A Look at the Offense: Whither the Tight End

Now, I know this might come as a shock to you, but apparently the Vikings did have a tight end on their roster this year. His name’s Jermaine Wiggins, and you might remember him as the one of the more valuable tight ends last year, as his 11.9 DPAR was the tenth best at the position. That’s what happens when you average 8.2 yards per catch while hauling in 69 passes for a total of 568 yards.

Wiggins is, by all accounts, still a quality tight end. And yet, he almost dropped off the map in 2006. He caught fewer passes (46) for fewer yards (386) this year, dropping from the team’s leader in receptions to the fourth option. The question, of course, is how much of Wiggins’ massive drop in production (he only posted a 1.9 DPAR, good for 29th at the position) was due to Childress’ offense, and how much was because of a decline in the quality of his and Brad Johnson's play?
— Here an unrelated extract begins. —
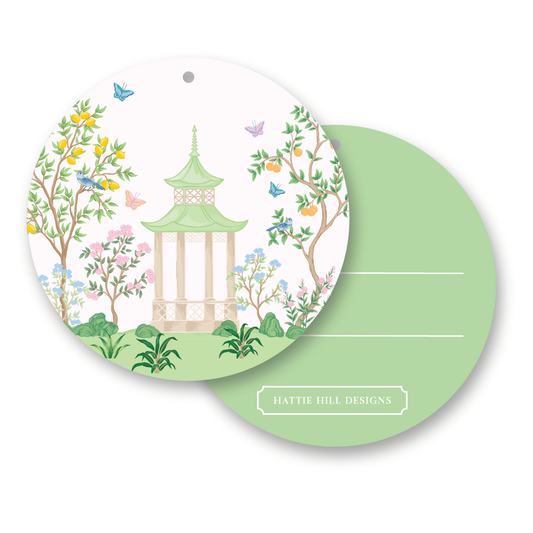 Citrus Grove | Round Gift Tag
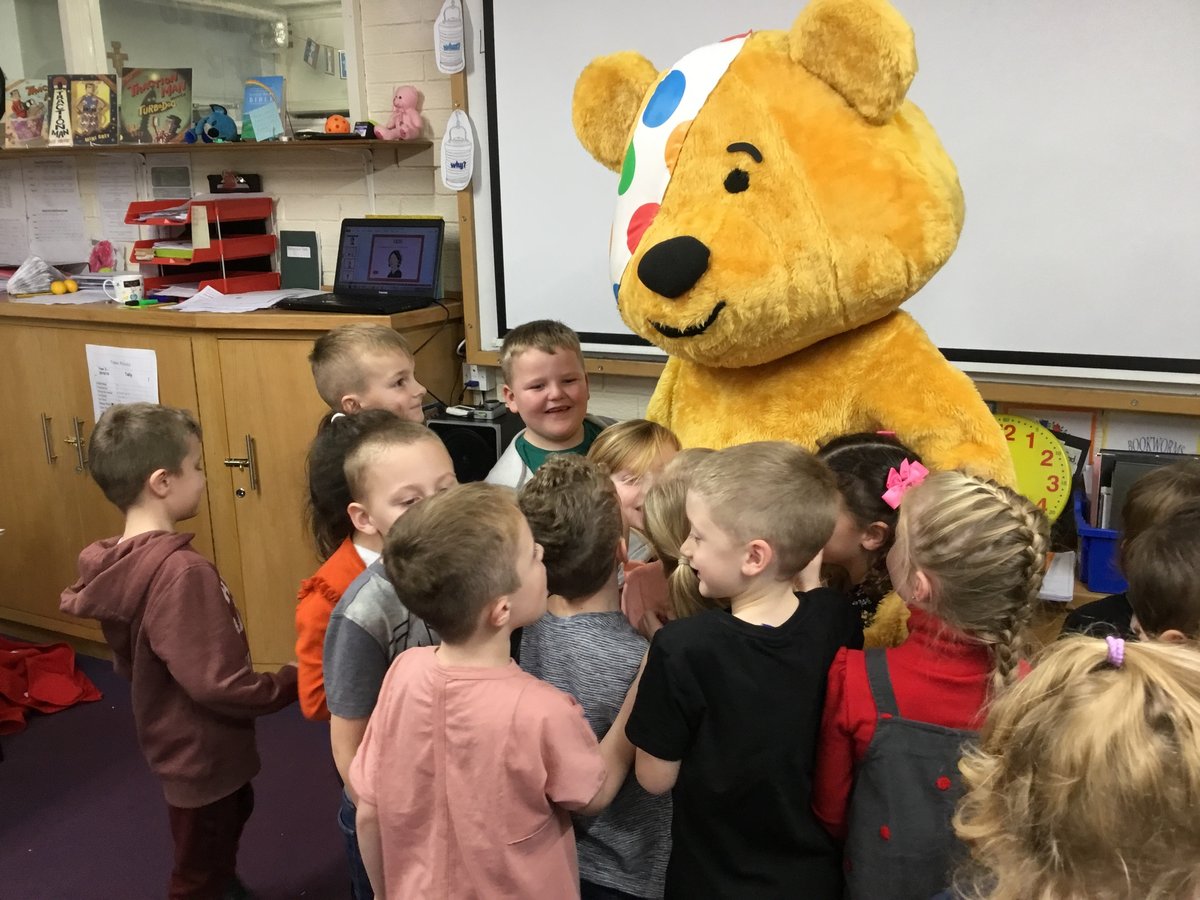 Year 2 Meet Pudsey Bear | St Bridget's Catholic Primary School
Now, not having access to Childress’ infamous play card, it’s hard to know where Wiggins fit into the offense. With that caveat, however, it looks as if the drop in Wiggins’ production has as much to do with him as it does Childress. Considering that many of the passing plays were dump offs of some sort, it would seem that a good tight end would have been more involved. And, based on the stats from Childress’ last year with the Eagles, where tight end L.J. Smith lead the team in receptions and finished second in receiving yards, it would stand to reason that the tight end would normally see a healthy amount of passes come their way. And, with Wiggins’ catch rate dropping from 76% in 2005 to 69% this season; it would seem that a large part of the blame can be laid on his shoulders.
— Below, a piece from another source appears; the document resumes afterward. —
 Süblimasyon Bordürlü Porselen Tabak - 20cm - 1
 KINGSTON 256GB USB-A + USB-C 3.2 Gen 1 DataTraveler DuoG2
Whether or not the Vikings choose to cut bait on their Bostonian tight end, they need to get more production from the position next year. Having a quality receiver at tight end creates mismatches no matter who the defense covers him with, and is also a very effective way to attack the cover 2 defenses that are all the rage these days. Not to mention that both Super Bowl participants have quality tight ends (the Colts have two, actually) and as we saw in the AFC Championship game, having a tight end that can run a good seam route can be the difference between going to Miami and going home.

[A look at the Wide Recievers should be coming tomorrow, and if you've missed any of the other positions, the links are below]

Quarterbacks
Runningbacks
Offensive Line
Defense

1 comment:

Vegan Viking said...

Here's a guess.

Wiggins is a solid player, but he's not overly talented; at no point with the Vikes was he a legitimate downfield TE.

When he came on in 2004, Moss was still at the top of his game (before injury), and Wiggins was the perfect kind of receiver to reliably catch passes in the big openings Moss left (isn't it amazing how wide open RBs and TEs were when Moss was here?). In 2005, the Vikes were employing the same offense--finding ways to get WRs deep, and also finding ways to get other receivers open short.

In 2006, the offense changed, but the personnel did too: Childress's offense required more short passing, but then so did Brad Johnson's arm and the legs of the WRs. There weren't WRs clearing space deep in order for a mediocre TE to get open short.

The Vikes could use a TE who can get open in his own right--who can actually get separation from linebackers and not depend on scheme and the talent around him to open him up.

I like Wiggins and think he has done good things for the Vikes, but he's not a TE who can get open in his own right.